• WHAT THE TASK REQUIRES: Keep the pictures out, and restate the listing that follows exactly as written.

• SUPPLIED MATERIAL:
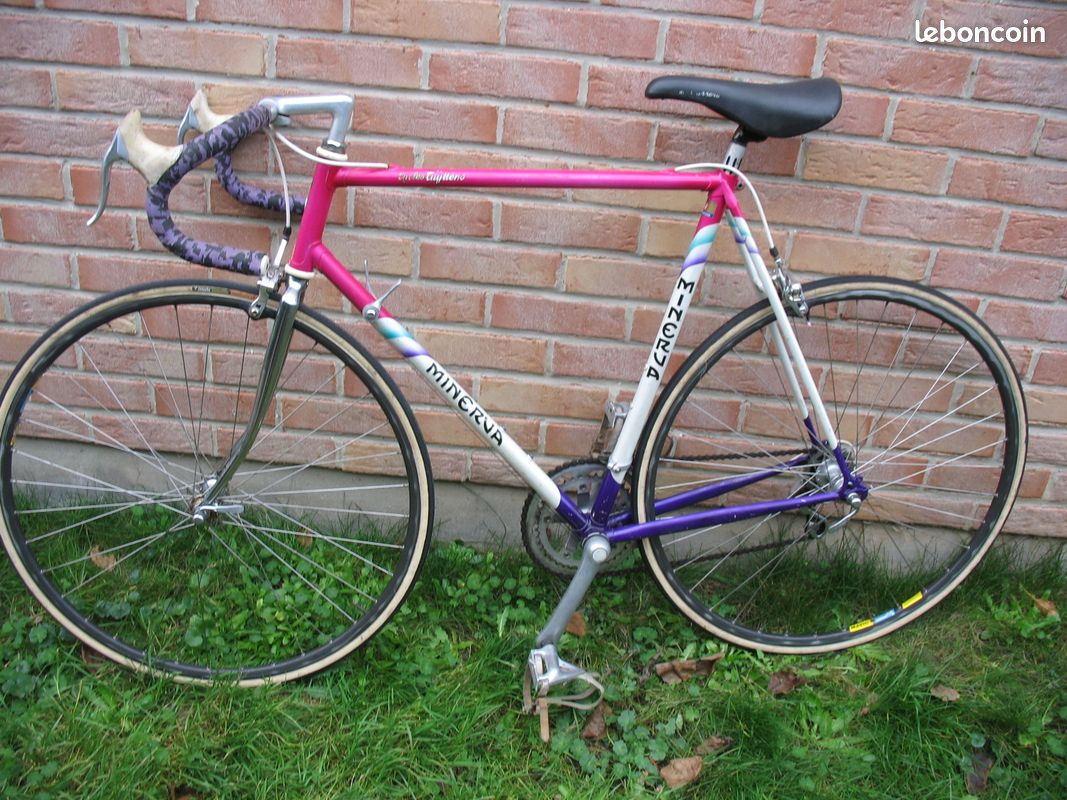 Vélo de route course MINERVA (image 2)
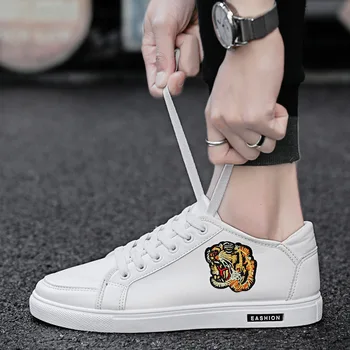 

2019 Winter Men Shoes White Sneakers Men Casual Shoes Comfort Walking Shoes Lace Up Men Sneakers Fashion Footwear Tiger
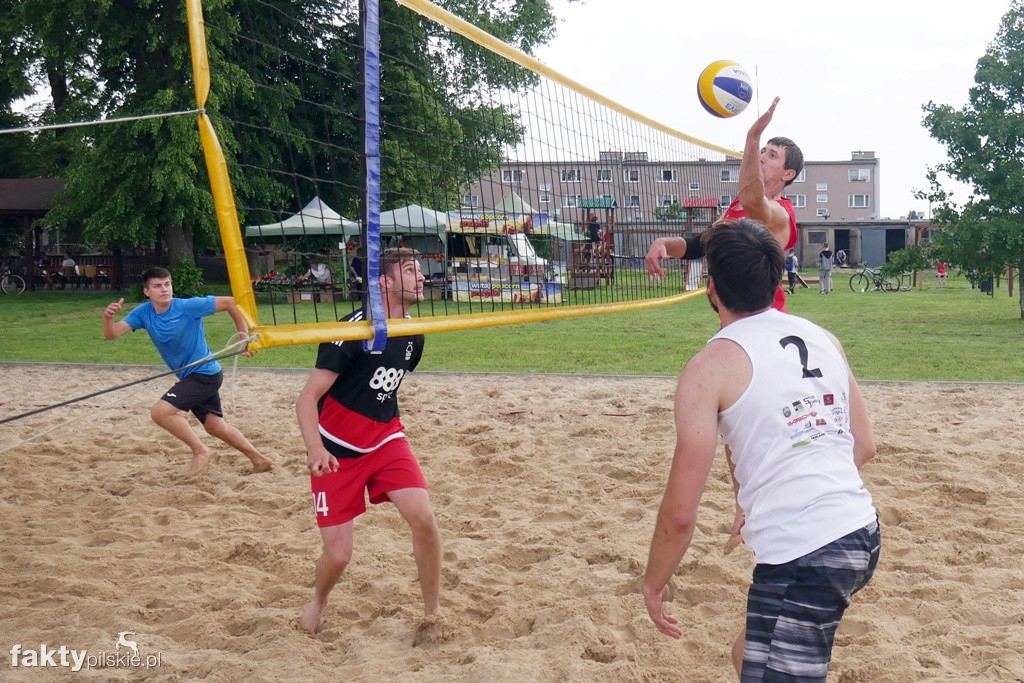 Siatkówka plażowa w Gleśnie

• RESULT OF THIS TASK:
 Vélo de route course MINERVA (image 2)

2019 Winter Men Shoes White Sneakers Men Casual Shoes Comfort Walking Shoes Lace Up Men Sneakers Fashion Footwear Tiger
 Siatkówka plażowa w Gleśnie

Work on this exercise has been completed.